Вот почему ей никогда не хотелось оставаться наедине с другой девочкой. Особенно с девочкой, которая ей нравилась и которой она доверяла. К примеру, соседкой по комнате в общежитии. Надо соблюдать осторожность. Можно начать говорить, разоткровенничаться и сказать лишнее. Можно заплакать. Потерять над собой контроль, наговорить лишнего, а ведь слово, как известно, не воробей. Раскрыться, довериться, отдать всю себя без остатка и не получить в ответ и тени любви – вот что самое страшное.

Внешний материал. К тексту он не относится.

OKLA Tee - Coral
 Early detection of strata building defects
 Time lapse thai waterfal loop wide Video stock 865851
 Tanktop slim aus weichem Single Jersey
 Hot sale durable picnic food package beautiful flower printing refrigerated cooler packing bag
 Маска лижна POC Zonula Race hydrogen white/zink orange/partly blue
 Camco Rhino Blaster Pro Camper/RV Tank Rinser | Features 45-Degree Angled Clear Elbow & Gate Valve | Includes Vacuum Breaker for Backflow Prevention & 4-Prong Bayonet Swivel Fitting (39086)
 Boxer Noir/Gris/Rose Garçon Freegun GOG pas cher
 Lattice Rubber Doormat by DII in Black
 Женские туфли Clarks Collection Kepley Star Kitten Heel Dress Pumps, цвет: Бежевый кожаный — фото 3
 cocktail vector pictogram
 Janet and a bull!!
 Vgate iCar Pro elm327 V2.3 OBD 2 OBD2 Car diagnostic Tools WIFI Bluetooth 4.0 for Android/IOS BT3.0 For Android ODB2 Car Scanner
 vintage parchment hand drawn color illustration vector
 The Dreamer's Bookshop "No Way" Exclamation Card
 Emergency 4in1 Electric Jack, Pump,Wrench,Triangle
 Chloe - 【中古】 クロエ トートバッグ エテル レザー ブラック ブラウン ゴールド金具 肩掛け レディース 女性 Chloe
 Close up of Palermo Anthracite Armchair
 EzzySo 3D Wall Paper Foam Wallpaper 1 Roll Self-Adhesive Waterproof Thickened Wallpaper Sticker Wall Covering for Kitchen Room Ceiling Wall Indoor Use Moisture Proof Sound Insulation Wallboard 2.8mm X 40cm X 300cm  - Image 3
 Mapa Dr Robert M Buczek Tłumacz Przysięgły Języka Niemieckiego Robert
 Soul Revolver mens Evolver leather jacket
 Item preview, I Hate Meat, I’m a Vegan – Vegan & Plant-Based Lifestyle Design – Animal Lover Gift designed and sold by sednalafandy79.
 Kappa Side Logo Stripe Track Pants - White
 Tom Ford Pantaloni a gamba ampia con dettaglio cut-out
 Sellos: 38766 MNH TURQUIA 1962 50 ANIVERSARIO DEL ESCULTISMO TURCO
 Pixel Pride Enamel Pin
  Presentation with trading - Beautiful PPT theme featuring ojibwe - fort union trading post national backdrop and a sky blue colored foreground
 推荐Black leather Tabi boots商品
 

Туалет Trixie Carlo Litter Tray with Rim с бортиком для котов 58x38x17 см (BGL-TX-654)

– Ну, куда теперь поворачивать, Дженетт? Я же совсем не знаю этого городка. – Произнесла это миссис Харт весело и кокетливо, и в то же время в голосе слышался упрек.
Дженетт начала подсказывать: налево, на Мэйн-стрит, потом три квартала до моста, потом снова налево, с Портсмут на Саут-стрит… Странно все же выглядят знакомые улицы, «историческое» здание колледжа Наутага из красного кирпича, если смотреть на них сквозь грязные стекла свинцово-серого «доджа» миссис Харт. Даже пологая и продолговатая лужайка кампуса изменилась. И какими дурацки ребячливыми, эгоцентричными и малопривлекательными казались Дженетт ее товарищи по колледжу – шумной толпой они валили по тротуару, перебегали улицу в неположенном месте. Ветровое стекло машины было покрыто тонким налетом пыли, солнце слабо отражалось в нем, все вокруг обрело тусклый сероватый оттенок и было немного размытым, как на старой, выцветшей фотографии.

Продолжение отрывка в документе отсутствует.